══ Source data

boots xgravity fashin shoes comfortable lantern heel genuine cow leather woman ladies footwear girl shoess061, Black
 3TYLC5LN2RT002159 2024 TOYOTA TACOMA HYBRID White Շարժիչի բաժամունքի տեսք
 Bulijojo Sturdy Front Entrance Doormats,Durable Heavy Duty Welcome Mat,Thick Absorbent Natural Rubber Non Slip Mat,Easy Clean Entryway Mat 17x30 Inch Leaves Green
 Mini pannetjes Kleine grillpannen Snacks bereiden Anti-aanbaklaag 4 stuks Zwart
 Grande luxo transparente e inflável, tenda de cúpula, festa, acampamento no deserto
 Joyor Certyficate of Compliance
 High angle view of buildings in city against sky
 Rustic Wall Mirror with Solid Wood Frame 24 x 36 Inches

════

**Work required:**
The answer should consist solely of the lines from the first line above through the one with "Bulijojo Sturdy Front", both included, repeated exactly.

**Exercise output:**
boots xgravity fashin shoes comfortable lantern heel genuine cow leather woman ladies footwear girl shoess061, Black
 3TYLC5LN2RT002159 2024 TOYOTA TACOMA HYBRID White Շարժիչի բաժամունքի տեսք
 Bulijojo Sturdy Front Entrance Doormats,Durable Heavy Duty Welcome Mat,Thick Absorbent Natural Rubber Non Slip Mat,Easy Clean Entryway Mat 17x30 Inch Leaves Green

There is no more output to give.